YOUR TASK> Only the lines from the one containing "不锈钢门智能锁指纹密码锁老式防盗门锁改智能锁家用门锁带摄像头" through the end of the records should be retyped, exactly and including both ends; pictures stay out.

==== INPUT FOR THIS TASK

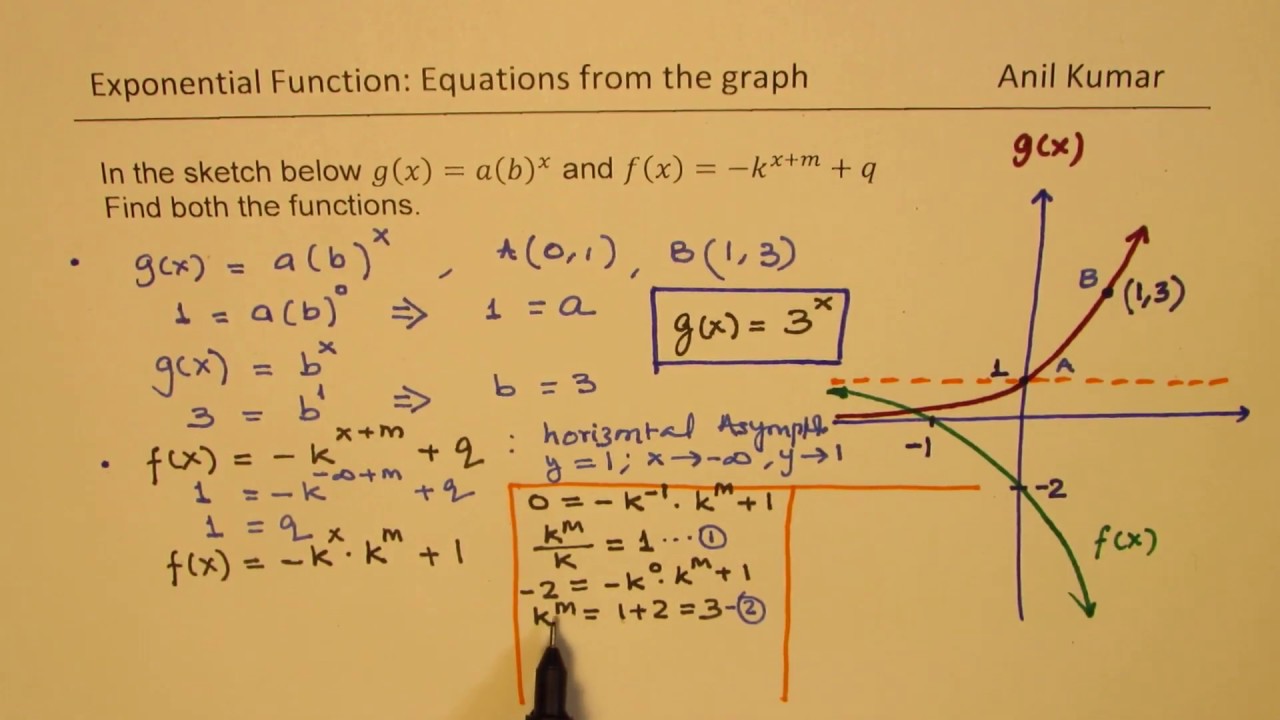 How to find Equation of Transformed Exponential Functions From Graph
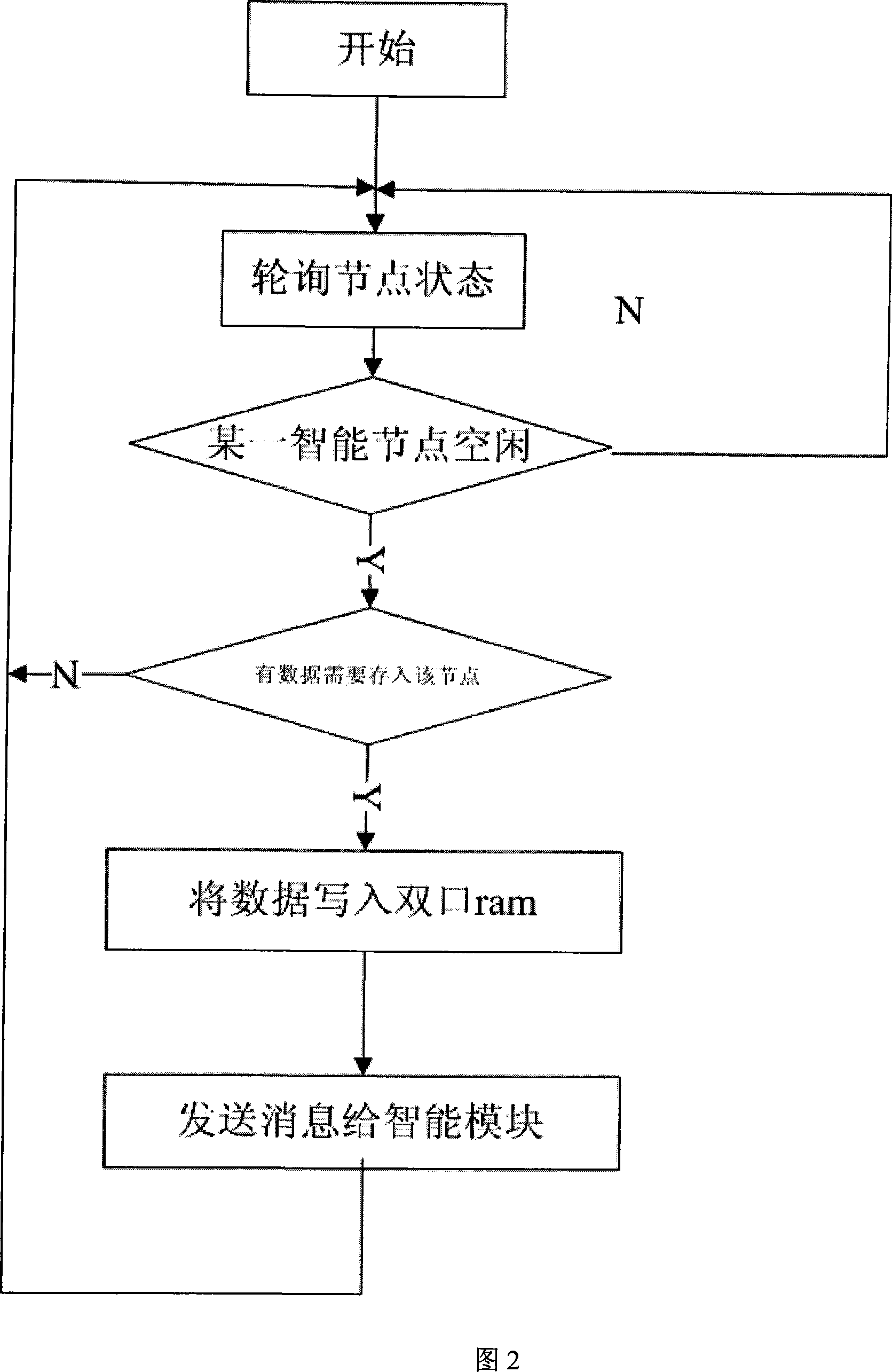 High-speed audio and video magnitude storage method and device for vehicular environment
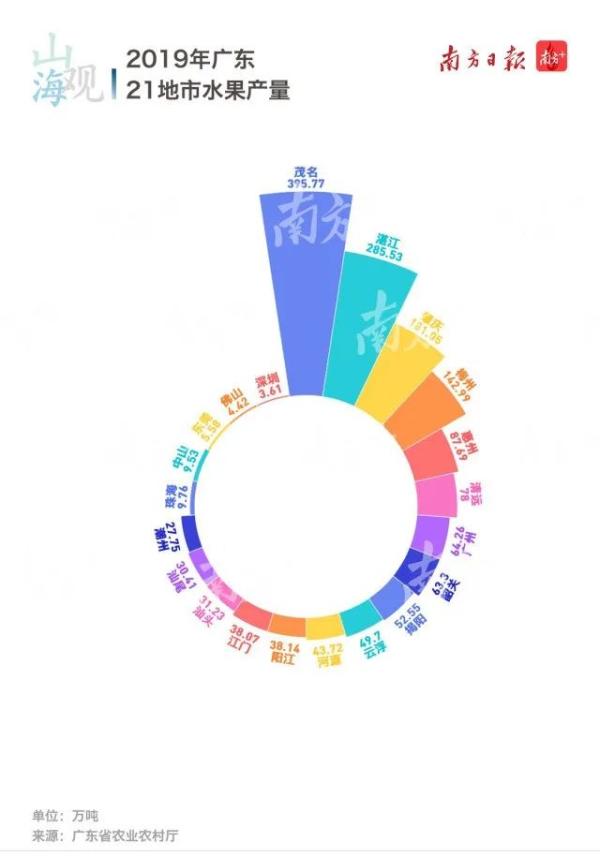 这里有一张广东“水果地图”，请查收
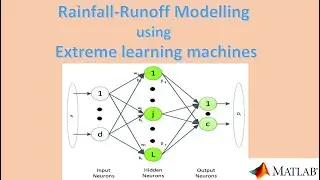 Rainfall-Runoff Modelling using ELM| Code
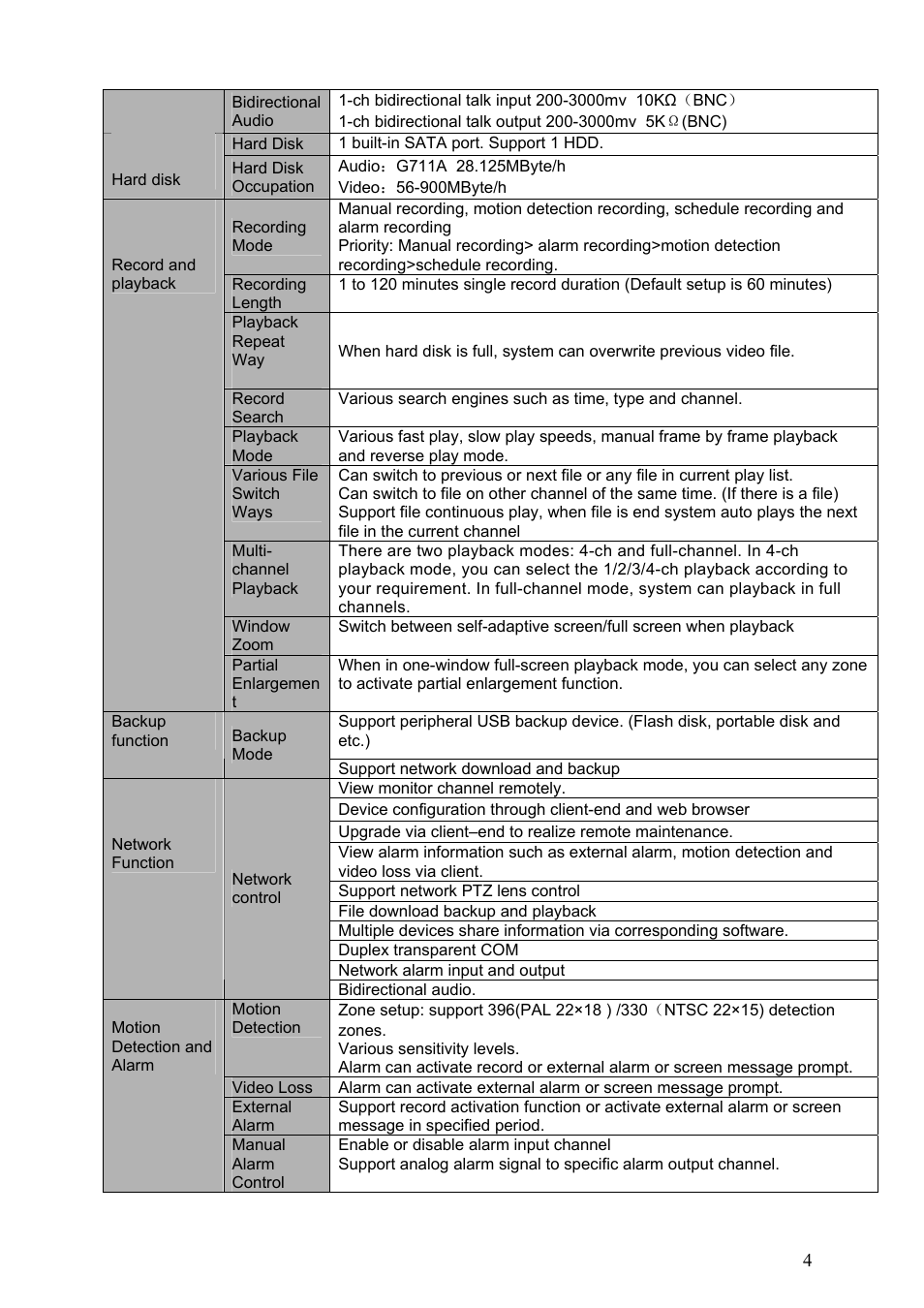 IC Realtime Combo Series: 8 Channel DVR with built-in 19 LCD monitor User Manual | Page 13 / 141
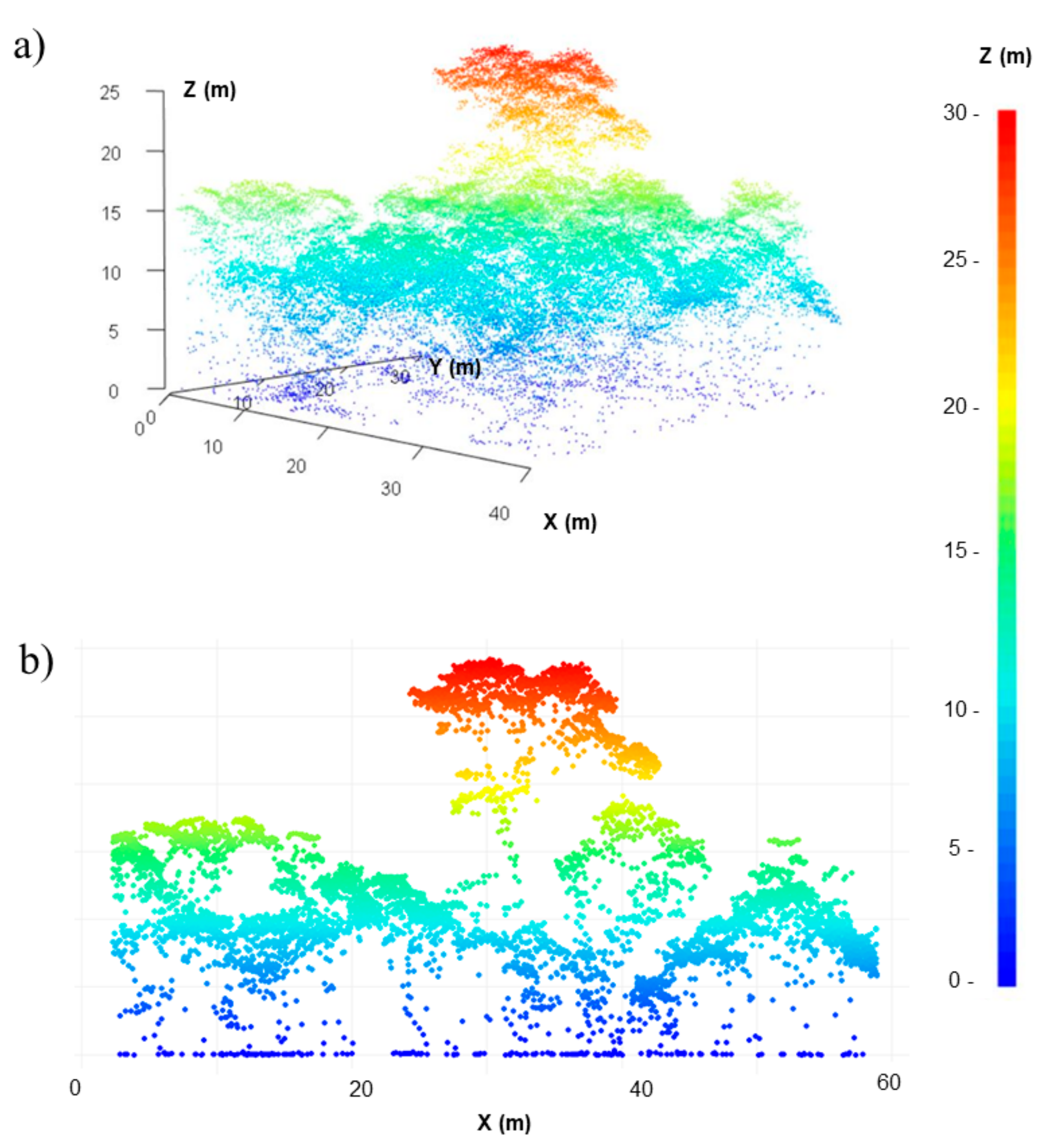 Remotesensing 13 02444 g002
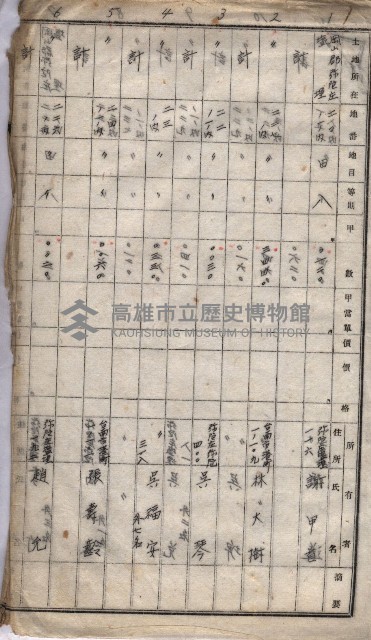高臨營第一號ノ內十二（ト）第（4）號（借地）
（塩埕、梓官、吊雞林）藏品圖，第49張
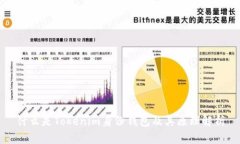什么是Tokenim身份钱包及其
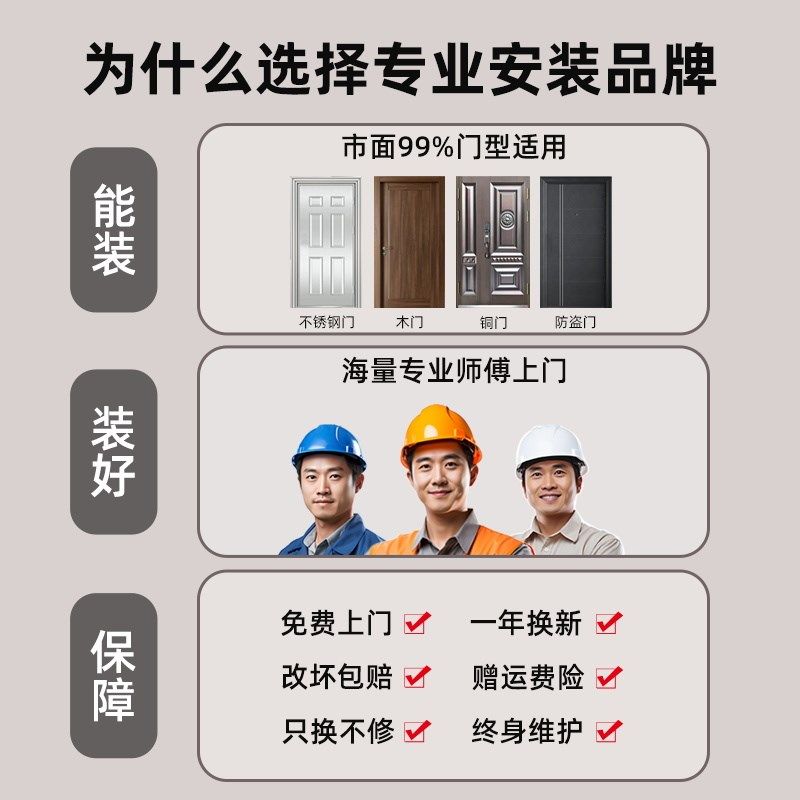 不锈钢门智能锁指纹密码锁老式防盗门锁改智能锁家用门锁带摄像头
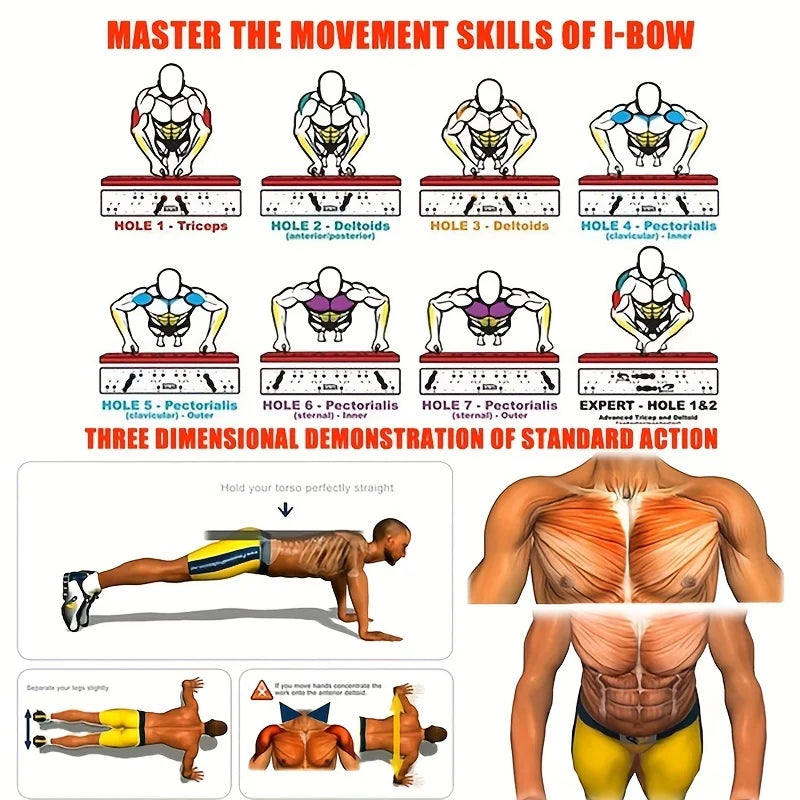 PushMaster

========

SOLUTION FOR THIS TASK>
 不锈钢门智能锁指纹密码锁老式防盗门锁改智能锁家用门锁带摄像头
 PushMaster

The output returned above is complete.